Online checksums verification in the backend

Поиск
Список
Период
Сортировка
От Julien Rouhaud
Тема Online checksums verification in the backend
Дата
Msg-id CAOBaU_aVvMjQn=ge5qPiJOPMmOj5=ii3st5Q0Y+WuLML5sR17w@mail.gmail.com
обсуждение исходный текст
Ответы Re: Online checksums verification in the backend  (Robert Haas <robertmhaas@gmail.com>)
Re: Online checksums verification in the backend  (Masahiko Sawada <sawada.mshk@gmail.com>)
Список pgsql-hackers
Hi,

This topic was discussed several times, with the most recent
discussions found at [1] and [2].  Based on those discussions, my
understanding is that the current approach in BASE_BACKUP has too many
drawbacks and we should instead do this check in the backend.  I've
been working using such approach at VMware, and I'm submitting it here
to discuss the approach and rationales, and hopefully have such a
feature integrated.

First, this was originally developed as an extension.  It means that
the check is performed using an SRF.  That's maybe not the best
approach, as a transaction has be kept for the total processing time.
It can be leveraged by checking each relation independently, but
that's still not ideal.  Maybe using some utility commands (as part of
VACUUM or a new CHECK command for instance) would be a better
approach.

This brings the second consideration: how to report the list corrupted
blocks to end users.  As I said this is for now returned via the SRF,
but this is clearly not ideal and should rather be made available more
globally.  One usage of this information could be block level
recovery.  I'm Cc-ing Sawada-san, as I know he's working on this and
mentioned me that he had ideas on passing the list of corrupted blocks
using the stat collector.

Finally, the read and locking considerations.  I tried to cover that
extensively in the comments, but here are some details on how I tried
to make the check safe while trying to keep the overhead as low as
possible.  First thing is that this is only doing buffered reads,
without any attempt to discard OS cache.  Therefore, any discrepancy
between the OS cache and the disk cannot be detected unless you do
other actions, such as sync / drop_caches on GNU/Linux.

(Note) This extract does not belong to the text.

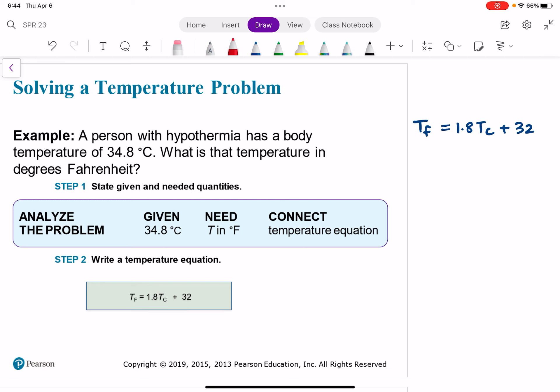What are we given in this problem? We're told that the person with hypothermia has a body temperature of 34.8 degrees Celsius. So right away I know this is my TC. What do I need — what am I trying to get to? I want temperature in degrees Fahrenheit — let's call that TF.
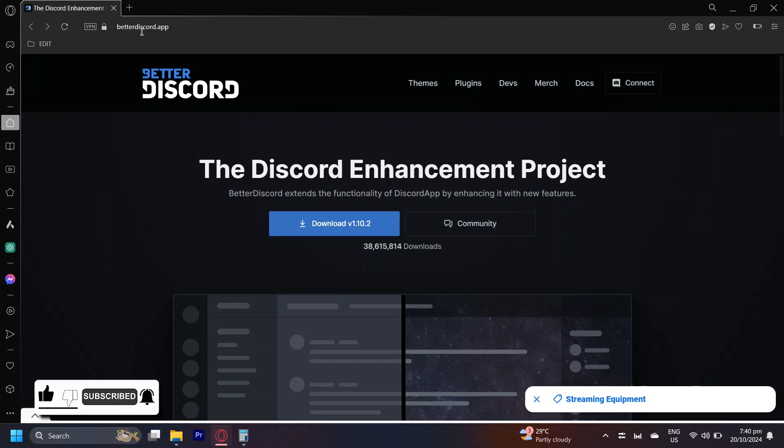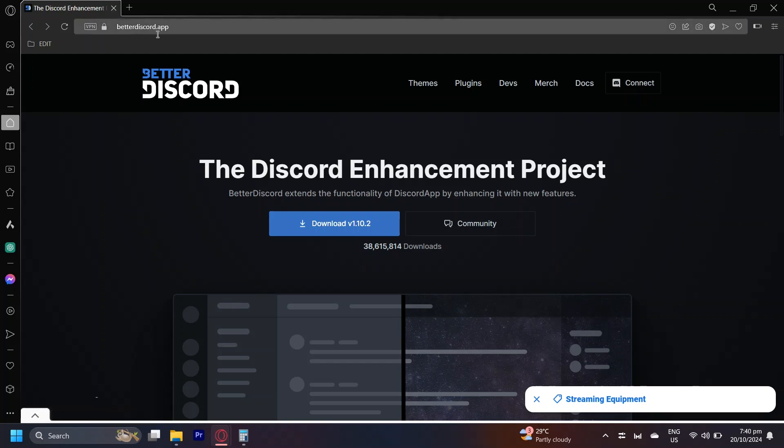Get on your browser and then search up betterdiscord.app. Download this and it's basically going to do what the name says it is. It's better Discord.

An access share lock on the currently checked relation is held,
meaning that it can't get deleted/truncated.  The total number of
blocks for the given fork is retrieved first, so any new block will be
ignored.  Such new blocks are considered out of scope as being written
after the start of the check.

Each time a buffer is being checked, the target buffer mapping
partition lock is acquired in shared mode, to prevent concurrent
eviction.  If the buffer is found in shared buffers, it's pinned and
released immediately, just to get the state.  If the buffer is found
dirty, no check is performed as it'll be written to disk by the
checkpointer, or during recovery in case of unclean shutdown.
Otherwise, an IO lock is held while the the buffer is being read in a
private buffer. IO Lock and buffer mapping lock are released and then
the check is performed.

If the buffer is not found in shared buffers, the buffer mapping
partition lock is released immediately and the block is read from
disk.  It's therefore possible to get a false positive here, as the
block could be concurrently read, modified and partially written to
disk.  So, if an error is detected in this case, the check is
restarted from scratch and if the buffer is still not found in shared
buffers, the read will be done while still holding the buffer mapping
partition lock to make sure that it can't get concurrently loaded and
modified.  This is an optimistic approach to avoid performance
overhead, assuming that there shouldn't be a lot of positive, and
false positive possibility is very narrow.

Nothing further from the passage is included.